SALT LAKE CITY—A University of Utah-led study for treatment of patients with atrial fibrillation (A-fib) provides strong clinical evidence for the use of 3-D MRI to individualize disease management and improve outcomes.
Results of the Delayed-Enhancement MRI Determinant of Successful Radio-frequency Catheter Ablation of Atrial Fibrillation (DECAFF) study will be published Wednesday in the Journal of the American Medical Association.
Atrial fibrillation is a common arrhythmia, or an irregular heartbeat, which is a major cause of stroke, heart failure and death. For treatment, doctors have mostly relied on drugs, or more recently, on catheter ablation. Despite those two treatment options, outcomes remain mediocre mainly due to poor patient selection, says Nassir F. Marrouche, M.D., founder of the U's interdisciplinary Comprehensive Arrhythmia Research & Management Center (CARMA) and associate professor of internal medicine at the University's School of Medicine. "We've been treating A-fib based on patients' symptoms, duration of arrhythmia and associated comorbidities. Instead we should be integrating the diseased, fibrotic heart tissue itself into our management plan."
"Every cardiologist in the world knows that A-fib and atrial tissue disease are intertwined. But, until recently, we have been lacking noninvasive tools to define this relationship," he says. "We at CARMA have developed a significant breakthrough in the way A-fib is managed."
The DECAFF study built on innovative work from CARMA, which invented the technology enabling heart tissue imaging with MRI. With these images, physicians can assess the extent of the disease using a novel staging system similar to the ones developed for cancer. "This is a major step for individualizing arrhythmia management."

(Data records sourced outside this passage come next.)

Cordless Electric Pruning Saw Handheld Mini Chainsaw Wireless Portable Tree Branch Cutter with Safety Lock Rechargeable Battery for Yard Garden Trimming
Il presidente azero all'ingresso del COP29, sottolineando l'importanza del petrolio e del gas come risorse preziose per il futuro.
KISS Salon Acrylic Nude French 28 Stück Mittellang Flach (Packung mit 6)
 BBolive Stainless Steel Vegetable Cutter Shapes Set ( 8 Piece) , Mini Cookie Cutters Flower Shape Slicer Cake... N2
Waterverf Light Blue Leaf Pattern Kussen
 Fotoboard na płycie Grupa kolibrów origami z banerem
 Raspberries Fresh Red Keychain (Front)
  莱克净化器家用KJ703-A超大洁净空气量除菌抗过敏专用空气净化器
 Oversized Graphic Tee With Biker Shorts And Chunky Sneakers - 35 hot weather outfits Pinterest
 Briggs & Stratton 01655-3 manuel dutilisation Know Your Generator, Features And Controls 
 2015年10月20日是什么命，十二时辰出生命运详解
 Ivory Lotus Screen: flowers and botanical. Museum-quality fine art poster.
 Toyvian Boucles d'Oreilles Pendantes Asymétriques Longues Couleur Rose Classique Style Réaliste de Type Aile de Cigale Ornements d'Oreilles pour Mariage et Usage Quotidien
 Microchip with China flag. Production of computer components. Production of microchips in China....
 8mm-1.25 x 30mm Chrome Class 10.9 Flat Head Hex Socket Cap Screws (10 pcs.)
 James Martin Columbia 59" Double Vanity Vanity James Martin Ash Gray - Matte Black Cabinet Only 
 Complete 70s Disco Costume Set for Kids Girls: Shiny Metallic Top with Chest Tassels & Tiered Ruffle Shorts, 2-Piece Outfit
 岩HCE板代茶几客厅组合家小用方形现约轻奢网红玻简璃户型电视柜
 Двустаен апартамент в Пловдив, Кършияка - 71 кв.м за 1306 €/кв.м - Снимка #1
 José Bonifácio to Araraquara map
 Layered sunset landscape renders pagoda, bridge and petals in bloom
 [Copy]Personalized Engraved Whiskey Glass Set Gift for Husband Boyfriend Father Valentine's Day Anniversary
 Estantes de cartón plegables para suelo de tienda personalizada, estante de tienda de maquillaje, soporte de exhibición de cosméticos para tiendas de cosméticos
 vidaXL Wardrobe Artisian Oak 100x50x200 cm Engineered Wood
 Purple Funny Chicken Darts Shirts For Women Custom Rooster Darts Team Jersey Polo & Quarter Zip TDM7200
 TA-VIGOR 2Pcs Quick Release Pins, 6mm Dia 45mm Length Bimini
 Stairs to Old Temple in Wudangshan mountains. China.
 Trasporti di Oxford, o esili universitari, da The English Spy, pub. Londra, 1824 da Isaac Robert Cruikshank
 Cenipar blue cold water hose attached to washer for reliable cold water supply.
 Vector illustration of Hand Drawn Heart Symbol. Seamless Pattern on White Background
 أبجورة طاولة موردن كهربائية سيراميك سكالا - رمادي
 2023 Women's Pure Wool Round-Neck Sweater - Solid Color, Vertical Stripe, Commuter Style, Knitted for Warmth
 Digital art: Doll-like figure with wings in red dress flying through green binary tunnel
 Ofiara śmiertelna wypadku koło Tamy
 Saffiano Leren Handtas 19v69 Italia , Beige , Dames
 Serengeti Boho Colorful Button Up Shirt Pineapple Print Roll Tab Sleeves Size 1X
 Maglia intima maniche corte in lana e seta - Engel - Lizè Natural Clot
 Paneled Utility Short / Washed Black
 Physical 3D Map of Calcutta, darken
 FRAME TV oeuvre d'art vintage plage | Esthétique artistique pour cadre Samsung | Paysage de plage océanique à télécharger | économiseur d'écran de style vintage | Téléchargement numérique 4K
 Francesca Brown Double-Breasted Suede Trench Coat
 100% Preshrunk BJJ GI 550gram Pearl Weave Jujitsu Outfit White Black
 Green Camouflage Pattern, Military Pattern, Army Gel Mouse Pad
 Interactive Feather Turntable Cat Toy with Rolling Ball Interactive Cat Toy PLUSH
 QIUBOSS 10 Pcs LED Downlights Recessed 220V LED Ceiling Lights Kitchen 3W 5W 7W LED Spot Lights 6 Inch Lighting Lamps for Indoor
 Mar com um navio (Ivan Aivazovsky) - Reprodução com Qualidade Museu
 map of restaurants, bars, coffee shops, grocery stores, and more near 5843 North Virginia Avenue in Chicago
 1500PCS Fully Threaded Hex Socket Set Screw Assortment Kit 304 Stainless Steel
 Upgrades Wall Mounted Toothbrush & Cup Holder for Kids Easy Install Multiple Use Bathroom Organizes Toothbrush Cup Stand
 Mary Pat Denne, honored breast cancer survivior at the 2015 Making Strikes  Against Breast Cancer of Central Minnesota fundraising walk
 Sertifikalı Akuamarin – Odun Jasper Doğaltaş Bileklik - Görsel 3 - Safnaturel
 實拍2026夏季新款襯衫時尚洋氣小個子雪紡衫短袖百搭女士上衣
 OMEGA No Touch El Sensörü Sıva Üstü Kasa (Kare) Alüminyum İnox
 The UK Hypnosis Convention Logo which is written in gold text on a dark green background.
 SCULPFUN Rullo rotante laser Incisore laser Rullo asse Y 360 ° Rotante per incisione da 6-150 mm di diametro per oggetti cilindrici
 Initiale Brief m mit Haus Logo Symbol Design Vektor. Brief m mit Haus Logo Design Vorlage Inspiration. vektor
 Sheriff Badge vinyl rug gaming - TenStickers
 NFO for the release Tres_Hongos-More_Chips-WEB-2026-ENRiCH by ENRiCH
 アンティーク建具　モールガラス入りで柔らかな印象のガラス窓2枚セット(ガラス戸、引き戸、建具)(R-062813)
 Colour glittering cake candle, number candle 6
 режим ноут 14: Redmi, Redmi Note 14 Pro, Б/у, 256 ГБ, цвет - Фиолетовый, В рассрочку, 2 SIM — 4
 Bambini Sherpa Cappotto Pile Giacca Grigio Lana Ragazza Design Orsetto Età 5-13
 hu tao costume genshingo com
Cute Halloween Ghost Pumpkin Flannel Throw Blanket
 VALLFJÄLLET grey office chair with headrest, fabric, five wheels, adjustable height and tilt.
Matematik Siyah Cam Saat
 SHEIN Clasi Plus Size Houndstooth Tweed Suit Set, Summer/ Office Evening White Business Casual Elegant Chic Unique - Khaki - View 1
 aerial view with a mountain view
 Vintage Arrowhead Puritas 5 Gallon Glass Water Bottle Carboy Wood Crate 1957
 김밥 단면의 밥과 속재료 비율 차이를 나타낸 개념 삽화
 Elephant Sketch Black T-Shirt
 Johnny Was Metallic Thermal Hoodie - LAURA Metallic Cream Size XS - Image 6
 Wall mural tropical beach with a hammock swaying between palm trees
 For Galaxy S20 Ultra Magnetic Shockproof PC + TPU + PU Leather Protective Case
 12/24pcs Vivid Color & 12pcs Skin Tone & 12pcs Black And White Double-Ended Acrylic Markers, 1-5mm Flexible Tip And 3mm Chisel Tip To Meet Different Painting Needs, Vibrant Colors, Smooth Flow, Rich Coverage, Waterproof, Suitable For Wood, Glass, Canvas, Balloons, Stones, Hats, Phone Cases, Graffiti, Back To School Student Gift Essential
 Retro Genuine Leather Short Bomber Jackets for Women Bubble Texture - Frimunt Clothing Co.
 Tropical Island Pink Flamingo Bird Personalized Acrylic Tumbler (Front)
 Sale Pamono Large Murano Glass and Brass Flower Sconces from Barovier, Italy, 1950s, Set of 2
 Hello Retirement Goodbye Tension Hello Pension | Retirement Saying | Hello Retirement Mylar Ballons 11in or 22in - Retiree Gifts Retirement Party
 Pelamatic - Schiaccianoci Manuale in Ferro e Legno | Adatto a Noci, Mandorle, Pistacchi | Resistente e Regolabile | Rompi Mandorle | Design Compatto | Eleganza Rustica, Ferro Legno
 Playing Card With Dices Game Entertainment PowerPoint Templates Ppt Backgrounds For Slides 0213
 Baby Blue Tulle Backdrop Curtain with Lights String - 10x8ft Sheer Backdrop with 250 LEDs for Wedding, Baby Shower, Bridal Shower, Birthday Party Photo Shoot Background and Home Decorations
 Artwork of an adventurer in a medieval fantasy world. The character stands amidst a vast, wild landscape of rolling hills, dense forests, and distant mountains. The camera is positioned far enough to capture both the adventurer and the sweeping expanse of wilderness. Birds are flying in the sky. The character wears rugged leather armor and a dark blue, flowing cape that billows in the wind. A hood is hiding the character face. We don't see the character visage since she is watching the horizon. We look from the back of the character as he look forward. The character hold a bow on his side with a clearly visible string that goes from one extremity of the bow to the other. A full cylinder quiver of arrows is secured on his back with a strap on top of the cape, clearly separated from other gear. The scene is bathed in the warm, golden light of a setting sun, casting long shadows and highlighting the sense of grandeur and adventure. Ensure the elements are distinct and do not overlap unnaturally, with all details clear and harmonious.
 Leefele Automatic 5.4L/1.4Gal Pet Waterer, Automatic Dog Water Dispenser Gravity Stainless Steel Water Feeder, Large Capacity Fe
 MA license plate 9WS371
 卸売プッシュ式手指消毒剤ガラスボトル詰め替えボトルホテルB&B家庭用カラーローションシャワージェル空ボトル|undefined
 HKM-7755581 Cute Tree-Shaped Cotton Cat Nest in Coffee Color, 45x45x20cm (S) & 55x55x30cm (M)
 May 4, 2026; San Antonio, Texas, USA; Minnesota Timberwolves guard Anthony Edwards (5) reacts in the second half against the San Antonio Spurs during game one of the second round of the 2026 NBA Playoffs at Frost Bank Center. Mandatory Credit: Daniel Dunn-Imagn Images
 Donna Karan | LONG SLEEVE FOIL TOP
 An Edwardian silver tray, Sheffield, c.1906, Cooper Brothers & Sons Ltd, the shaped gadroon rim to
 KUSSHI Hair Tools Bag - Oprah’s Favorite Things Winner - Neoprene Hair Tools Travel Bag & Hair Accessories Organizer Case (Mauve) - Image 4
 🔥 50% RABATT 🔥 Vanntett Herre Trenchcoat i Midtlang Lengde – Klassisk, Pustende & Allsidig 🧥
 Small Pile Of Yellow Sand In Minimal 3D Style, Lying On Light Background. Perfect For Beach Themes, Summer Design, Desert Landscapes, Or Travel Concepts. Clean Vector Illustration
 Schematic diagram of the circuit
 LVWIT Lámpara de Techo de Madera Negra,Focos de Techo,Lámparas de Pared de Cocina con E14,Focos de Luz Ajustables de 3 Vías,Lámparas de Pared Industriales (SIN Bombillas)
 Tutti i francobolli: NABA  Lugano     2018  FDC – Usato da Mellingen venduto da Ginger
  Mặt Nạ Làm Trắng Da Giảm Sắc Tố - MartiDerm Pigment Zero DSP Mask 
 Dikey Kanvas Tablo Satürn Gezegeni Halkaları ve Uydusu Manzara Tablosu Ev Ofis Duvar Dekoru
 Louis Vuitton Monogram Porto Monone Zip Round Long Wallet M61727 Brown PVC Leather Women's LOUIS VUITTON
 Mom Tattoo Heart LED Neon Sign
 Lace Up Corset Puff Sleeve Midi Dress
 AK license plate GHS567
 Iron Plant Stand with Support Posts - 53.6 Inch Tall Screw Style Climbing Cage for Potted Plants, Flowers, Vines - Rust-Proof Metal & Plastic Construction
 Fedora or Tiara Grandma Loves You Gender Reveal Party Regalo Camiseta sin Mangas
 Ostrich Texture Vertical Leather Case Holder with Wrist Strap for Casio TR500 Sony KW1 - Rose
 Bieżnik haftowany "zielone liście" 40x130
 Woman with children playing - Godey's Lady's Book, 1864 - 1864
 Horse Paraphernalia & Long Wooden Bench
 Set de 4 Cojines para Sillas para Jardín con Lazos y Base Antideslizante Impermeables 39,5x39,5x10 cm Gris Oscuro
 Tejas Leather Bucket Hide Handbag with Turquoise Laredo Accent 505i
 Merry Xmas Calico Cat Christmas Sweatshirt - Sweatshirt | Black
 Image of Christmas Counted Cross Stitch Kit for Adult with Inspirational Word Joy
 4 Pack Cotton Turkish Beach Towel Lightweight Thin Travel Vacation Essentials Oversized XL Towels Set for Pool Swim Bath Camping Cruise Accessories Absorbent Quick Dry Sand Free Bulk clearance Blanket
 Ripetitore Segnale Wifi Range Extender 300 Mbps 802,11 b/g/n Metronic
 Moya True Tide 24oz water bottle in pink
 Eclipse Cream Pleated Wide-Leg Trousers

Conducted in partnership with 15 major medical centers across the United States, Europe, and Australia, Marrouche's landmark study demonstrated that the amount of atrial injury can effectively predict whether patients were likely to benefit from A-fib catheter ablation procedure. Using the enhanced MRI and the Utah Staging System, the hearts of 329 patients were scanned and staged on a scale of 1-4 before undergoing ablation and procedure outcomes were assessed at follow-up.
What Marrouche and his worldwide study partners found reflected early published findings from CARMA at the U of U: that those with less extensive fibrotic tissue had a greater chance of responding to ablative treatment.
According to the data, patients with less than 10 percent left atrial wall fibrosis (Utah Stage 1) showed good outcomes with ablation therapy while those with greater than 30 percent fibrosis (Stage 4) experienced significantly higher failure rates.
Marrouche believes the study findings will encourage a shift in the way physicians treat patients with atrial fibrillation, specifically by integrating MRI into their A-fib management protocols.
"MRI scanning of heart tissue is more and more becoming a screening test to predict people at risk for arrhythmias and its associated complications like stroke and heart failure," he says. He also believes atrial disease-causing arrhythmias should be screened for just like cancers and other common diseases.